# [WHAT YOU HAVE TO DO]
The full set of records must be returned exactly, character for character.

---*---

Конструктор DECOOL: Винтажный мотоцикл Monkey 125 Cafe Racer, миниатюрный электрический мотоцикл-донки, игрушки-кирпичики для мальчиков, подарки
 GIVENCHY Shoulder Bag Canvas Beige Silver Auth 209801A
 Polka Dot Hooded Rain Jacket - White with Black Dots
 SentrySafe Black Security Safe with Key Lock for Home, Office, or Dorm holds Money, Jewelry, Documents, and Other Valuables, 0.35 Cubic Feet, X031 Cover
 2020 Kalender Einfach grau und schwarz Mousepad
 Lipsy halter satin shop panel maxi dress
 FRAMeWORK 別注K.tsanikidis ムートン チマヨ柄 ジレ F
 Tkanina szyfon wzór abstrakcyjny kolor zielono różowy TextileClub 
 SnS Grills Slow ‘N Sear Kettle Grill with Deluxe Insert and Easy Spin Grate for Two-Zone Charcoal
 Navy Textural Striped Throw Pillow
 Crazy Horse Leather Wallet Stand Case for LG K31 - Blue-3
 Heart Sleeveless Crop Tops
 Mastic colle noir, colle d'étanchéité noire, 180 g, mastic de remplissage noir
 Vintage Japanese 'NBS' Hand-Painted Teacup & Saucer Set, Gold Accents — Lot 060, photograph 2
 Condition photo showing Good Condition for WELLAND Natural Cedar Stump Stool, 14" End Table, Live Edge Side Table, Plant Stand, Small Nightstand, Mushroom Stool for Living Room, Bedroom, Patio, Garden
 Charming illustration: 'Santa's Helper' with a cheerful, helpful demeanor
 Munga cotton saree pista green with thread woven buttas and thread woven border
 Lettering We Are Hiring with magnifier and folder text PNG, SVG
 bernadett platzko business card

---*---

# [TASK ANSWER]
Конструктор DECOOL: Винтажный мотоцикл Monkey 125 Cafe Racer, миниатюрный электрический мотоцикл-донки, игрушки-кирпичики для мальчиков, подарки
 GIVENCHY Shoulder Bag Canvas Beige Silver Auth 209801A
 Polka Dot Hooded Rain Jacket - White with Black Dots
 SentrySafe Black Security Safe with Key Lock for Home, Office, or Dorm holds Money, Jewelry, Documents, and Other Valuables, 0.35 Cubic Feet, X031 Cover
 2020 Kalender Einfach grau und schwarz Mousepad
 Lipsy halter satin shop panel maxi dress
 FRAMeWORK 別注K.tsanikidis ムートン チマヨ柄 ジレ F
 Tkanina szyfon wzór abstrakcyjny kolor zielono różowy TextileClub 
 SnS Grills Slow ‘N Sear Kettle Grill with Deluxe Insert and Easy Spin Grate for Two-Zone Charcoal
 Navy Textural Striped Throw Pillow
 Crazy Horse Leather Wallet Stand Case for LG K31 - Blue-3
 Heart Sleeveless Crop Tops
 Mastic colle noir, colle d'étanchéité noire, 180 g, mastic de remplissage noir
 Vintage Japanese 'NBS' Hand-Painted Teacup & Saucer Set, Gold Accents — Lot 060, photograph 2
 Condition photo showing Good Condition for WELLAND Natural Cedar Stump Stool, 14" End Table, Live Edge Side Table, Plant Stand, Small Nightstand, Mushroom Stool for Living Room, Bedroom, Patio, Garden
 Charming illustration: 'Santa's Helper' with a cheerful, helpful demeanor
 Munga cotton saree pista green with thread woven buttas and thread woven border
 Lettering We Are Hiring with magnifier and folder text PNG, SVG
 bernadett platzko business card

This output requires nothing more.